For low-volume accounts (under $1,000/month, under 100 comments/week), the native filter may be sufficient. For most brands running meaningful ad spend, the native filter's gaps — inconsistent dark post coverage, no AI sentiment analysis, no link-hiding rule, no audit log — create meaningful exposure. Dedicated tools like MyComments.io provide more reliable protection.

What is Facebook Moderation Assist and how is it different from the keyword filter?

Facebook Moderation Assist is a newer feature in Meta Business Suite that allows you to set up rule-based automation for comments — including hiding comments that contain links (without specifying exact URLs). It's more structured than the basic keyword list and supports automated reply triggers. However, it's still rule-based (not AI-powered) and has the same limitations as the native filter regarding dark post coverage and sentiment analysis.

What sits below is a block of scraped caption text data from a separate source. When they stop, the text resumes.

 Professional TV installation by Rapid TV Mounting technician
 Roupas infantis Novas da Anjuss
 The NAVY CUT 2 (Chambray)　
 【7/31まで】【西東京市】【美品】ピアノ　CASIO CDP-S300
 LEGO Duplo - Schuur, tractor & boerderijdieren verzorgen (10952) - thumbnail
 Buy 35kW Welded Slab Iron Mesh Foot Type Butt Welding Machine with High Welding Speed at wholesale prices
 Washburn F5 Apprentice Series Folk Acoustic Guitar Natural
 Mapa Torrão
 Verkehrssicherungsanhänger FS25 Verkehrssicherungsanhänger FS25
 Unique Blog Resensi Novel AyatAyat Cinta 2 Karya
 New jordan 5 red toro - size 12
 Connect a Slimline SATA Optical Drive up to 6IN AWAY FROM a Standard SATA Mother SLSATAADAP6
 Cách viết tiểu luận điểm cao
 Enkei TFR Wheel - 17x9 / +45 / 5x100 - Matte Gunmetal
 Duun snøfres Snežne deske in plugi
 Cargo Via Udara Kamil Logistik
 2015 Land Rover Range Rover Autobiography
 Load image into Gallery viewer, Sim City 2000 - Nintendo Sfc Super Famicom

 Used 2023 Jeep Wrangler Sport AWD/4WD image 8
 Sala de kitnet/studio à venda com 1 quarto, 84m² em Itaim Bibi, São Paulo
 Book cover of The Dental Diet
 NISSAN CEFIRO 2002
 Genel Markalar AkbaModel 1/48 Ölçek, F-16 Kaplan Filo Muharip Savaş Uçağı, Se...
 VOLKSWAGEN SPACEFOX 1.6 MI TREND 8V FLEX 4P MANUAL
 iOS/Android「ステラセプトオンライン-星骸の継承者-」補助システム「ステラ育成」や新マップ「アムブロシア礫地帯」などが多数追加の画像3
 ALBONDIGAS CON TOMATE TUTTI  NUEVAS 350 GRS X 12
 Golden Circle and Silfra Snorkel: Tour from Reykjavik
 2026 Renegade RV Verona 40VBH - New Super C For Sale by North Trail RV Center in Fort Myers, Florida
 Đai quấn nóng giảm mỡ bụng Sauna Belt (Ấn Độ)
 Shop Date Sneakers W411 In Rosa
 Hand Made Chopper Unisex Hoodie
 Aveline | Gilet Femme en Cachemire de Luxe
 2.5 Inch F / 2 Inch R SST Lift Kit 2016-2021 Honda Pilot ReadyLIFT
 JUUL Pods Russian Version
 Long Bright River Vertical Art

Can I hide all comments containing links using Facebook's native filter?

Using Facebook's native keyword filter, you can't reliably hide all comments with links — because there are too many possible URL patterns to list individually. Using Facebook Moderation Assist, you can set a "contains link" trigger that hides most link-containing comments. For comprehensive link hiding across all ad placements, dedicated tools like MyComments.io have a dedicated link-hiding rule that catches any URL format.

How do I see what comments Facebook's filter has hidden?

You can't — Facebook's native comment filter doesn't provide an audit log or a record of what's been hidden. This is one of the reasons dedicated moderation tools are preferred by advertisers: tools like MyComments.io log every hidden comment with the timestamp, content, and rule that triggered the hide, accessible any time from your dashboard.


Start with the Native Filter, Graduate When You Need To

Facebook's native comment filter is the right place to start — enable the profanity filter at Strong, add your key custom keywords, and set up a "contains link" rule in Moderation Assist. This costs nothing and catches the most obvious content.

When your comment volume, ad spend, or spam sophistication outgrows what the native filter can handle, MyComments.io is the most targeted upgrade — purpose-built for Facebook and Instagram ad comment moderation, with AI sentiment analysis, dark post coverage, and real-time hiding.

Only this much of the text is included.